WHAT IS REQUIRED ->
Images don't belong in the copy. Output the rest of the data exactly.

DATA ->
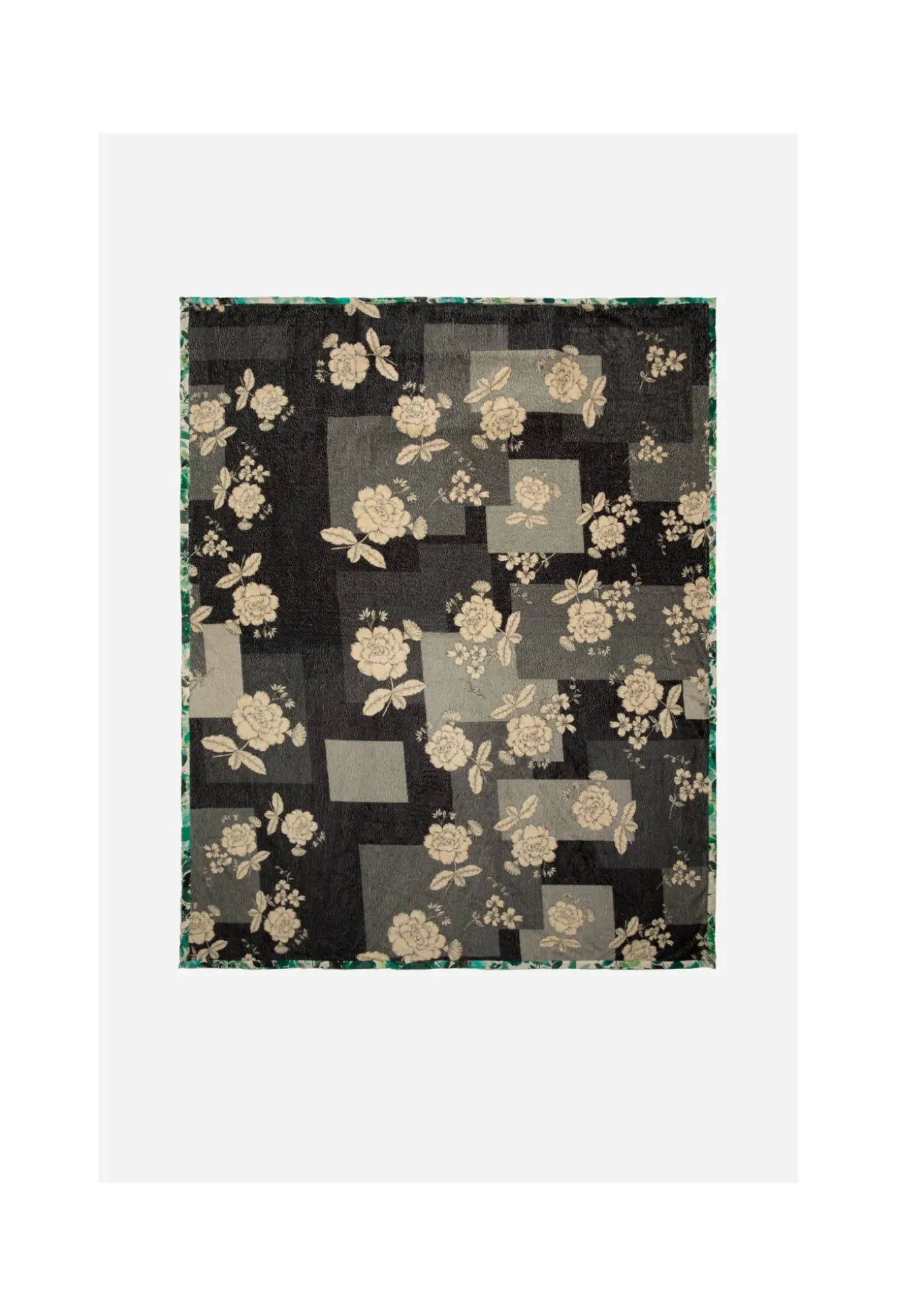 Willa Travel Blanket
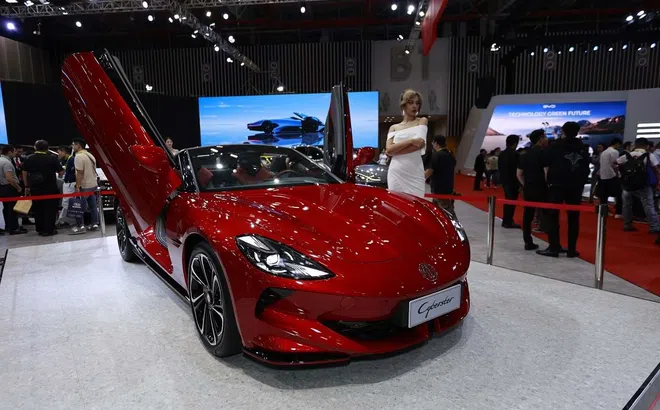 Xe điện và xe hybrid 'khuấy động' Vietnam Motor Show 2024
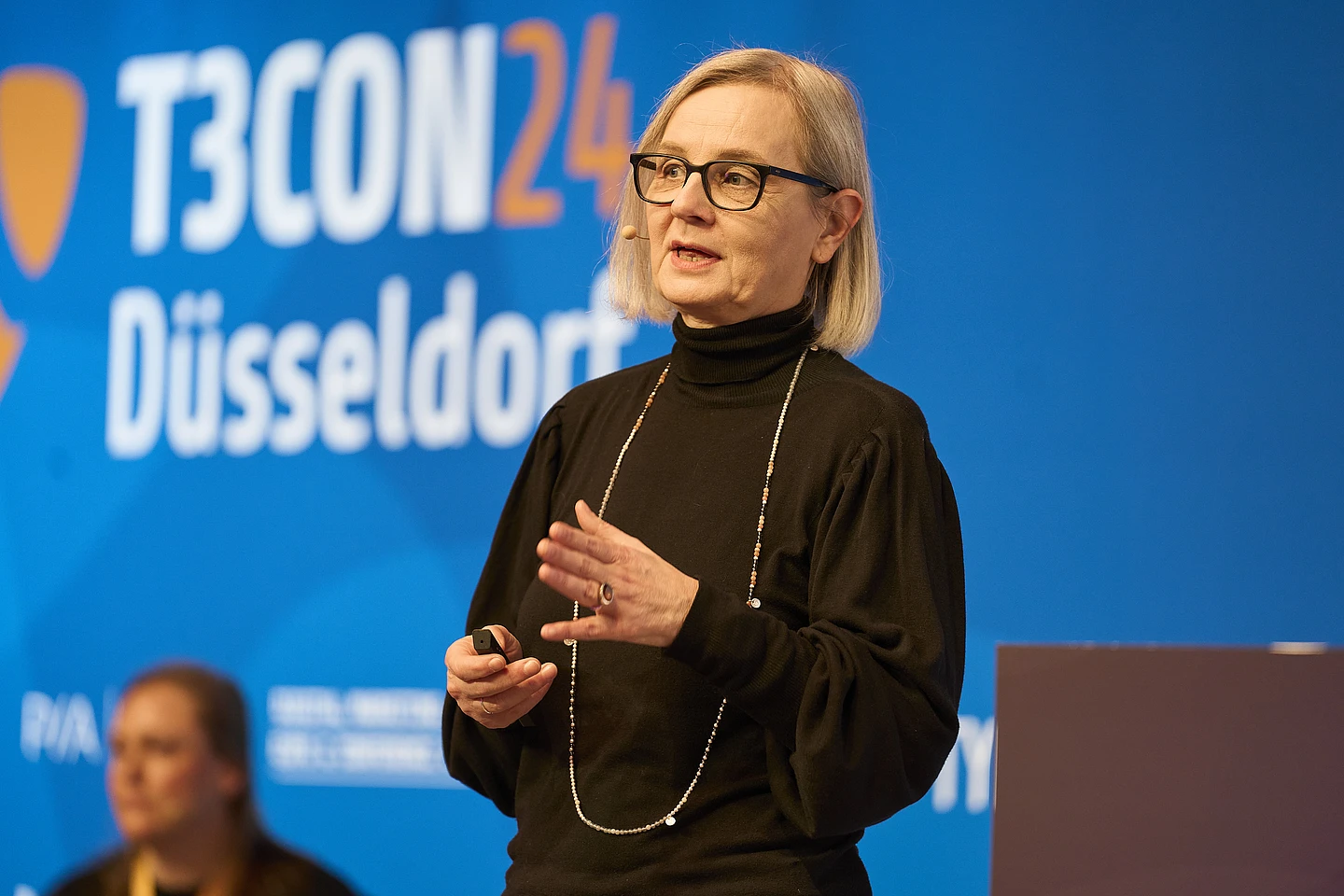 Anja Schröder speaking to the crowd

THE ANSWER ->
 Willa Travel Blanket
 Xe điện và xe hybrid 'khuấy động' Vietnam Motor Show 2024
 Anja Schröder speaking to the crowd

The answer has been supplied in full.